Our recent publication showed that a small bioactive
pigment epithelium derived factor (PEDF)
peptide (P78-PEDF) prevents the development of
diabetic nephropathy (DN). However, its effects on the progression of established DN were not clear. Therefore, the purpose of this study was to determine the effect of P78-PEDF in the progression of DN and to compare the effects of P78-PEDF and an
ACE inhibitor (ACEi), a standard of care in DN. Experiments were conducted in Ins2(Akita) mice treated with P78-PEDF or
captopril starting at 6 wks of age for 12 wks (early treatment) or starting at 12 wks of age for 6 wks (late treatment). We first established the optimal dose of the P78-PEDF
peptide to ameliorate DN in Ins2(Akita) mouse for a 6 wk study period and found that the
peptide was effective at 0.1- 0.5 µg/g/day. We next showed that early or late treatment with P78-PEDF resulted in protection from DN as indicated by reduced
albuminuria, kidney macrophage recruitment, histological changes, inflammatory
cytokines and fibrotic markers (kidney TNF-α,
fibronectin, VEGFA and EGFR), and restored
nephrin expression compared with vehicle-treated Ins2(Akita) mice.
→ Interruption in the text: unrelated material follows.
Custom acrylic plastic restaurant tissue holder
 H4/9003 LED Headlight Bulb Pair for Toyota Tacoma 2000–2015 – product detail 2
Interestingly, only early but not late treatment with
captopril was as effective as P78-PEDF in reducing most DN complications, despite its lack of effect on
nephrin, VEGFA and EGFR expression. These findings highlight the importance of P78-PEDF
peptide as a potential therapeutic modality in both the development and progression of diabetic renal injury.